ÇOK KALORİLİ BESLENME VE AZALAN EGZERSİZ DİYABET NEDENİ
Diyabet hastalığında insülin eksikliği, insülin etkisine direnç veya her ikisinin birlikteliği nedeniyle organizmanın karbonhidrat, yağ ve proteinlerden yeterince yararlanamadığını belirten Prof. Dr. Semir Paşa, şu bilgileri paylaştı:
“Sürekli tıbbi bakım gerektiren, kronik bir metabolizma hastalığı olan diyabete artan ilginin önemli nedenlerinden biri de diyabet pandemisidir. Pandemi kelimesini Covid-19 nedeni ile medya ve toplumumuz son zamanlarda çok sık duymaya başladı. Halbuki, bu kelime endokrinolojide diyabetin tanımında uzun zamandır sıklıkla kullanılmaktaydı. Modern çağda giderek artan kalori alımı ve azalan egzersiz gibi yaşam tarzımızda oluşan olumsuz değişiklikler tüm dünyada insülin direnci ile ortaya çıkan metabolik sendroma, obeziteye ve devamında diyabete neden olmaktadır. 1997’de Türkiye’de toplumun yüzde 7.2’si diyabetik ve yüzde 6.7’sı insülin direnci aşamasındaki prediyabetik bireylerden oluşmakta iken 2010 yılında diyabetiklerin oranının yüzde 13.7’ye ve prediyabetiklerin ise yüzde 13.9’a yükselmesi, artan hastalık sıklığını göstermektedir. Bu oranlar dünyada benzer şekilde artarak hastalığı küresel bir salgın haline dönüştürmüştür.”
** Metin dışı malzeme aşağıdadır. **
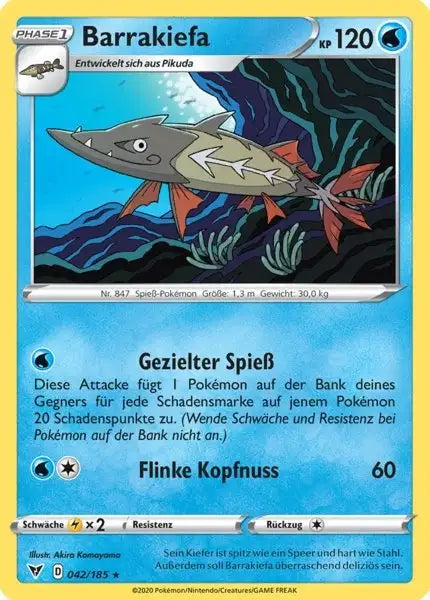 barrakiefa 042/185 – Pokémon Farbenschock Karte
OBEZLER VE 40 YAŞ ÜZERİNDEKİ HERKES TARANMALI
Daha önceleri sadece riskli kişilerin veya diyabeti düşündürecek ağızda kuruma, çok su içme, kilo kaybı, ayaklarda yanma ve iyileşmeyen yaralar gibi şikâyetleri olanların diyabet yönünden tarandıklarına değinen Prof. Dr. Semir Paşa, “Dünya Sağlık Örgütü, diyabet sıklığının yüzde 10’un üzerinde olduğu toplumlarda riskli bireylerin taranması ile yetinilmeyerek kilosu ne olursa olsun 40 yaş üzeri herkesin 2 yılda bir, obezlerin ise daha erken yaşlardan başlayarak yılda bir kez taranmasını önermektedir” diye konuştu.
ERKEN TANI VE DÜZENLİ TEDAVİNİN KORUYUCU OLDUĞU UNUTULMAMALI
Diyabetin uygun olmayan yaşam tarzının dışında genetik yatkınlık, ilaçlar, hastalıklar, uzamış ömür, çevresel etkenler gibi pek çok sebeple ilişkili olabileceğini vurgulayan Prof. Dr. Semir Paşa, “Özellikle ailesinde diyabet olan, obez veya fazla kilolu, kan basıncı yüksek (hipertansif), iri bebek doğurmuş veya gebelikte şekeri yükselmiş olan, yumurtalıklarda kistleri olan, kolesterolü yüksek, kalp hastalığı veya inme hikâyesi olan hastaların bu konuda çok daha duyarlı olmaları gerekir. Erken tanı ve düzenli tedavi ile diyabet hastalıklarının kontrol altına alınmasının; bu kişileri uzun dönemde bazı ciddi kalp-damar hastalıklarından, böbrek yetersizliğinden, şekere bağlı körlükten ve ayak yaralarından koruyacağı unutulmamalıdır” diyerek uyarılarını noktaladı.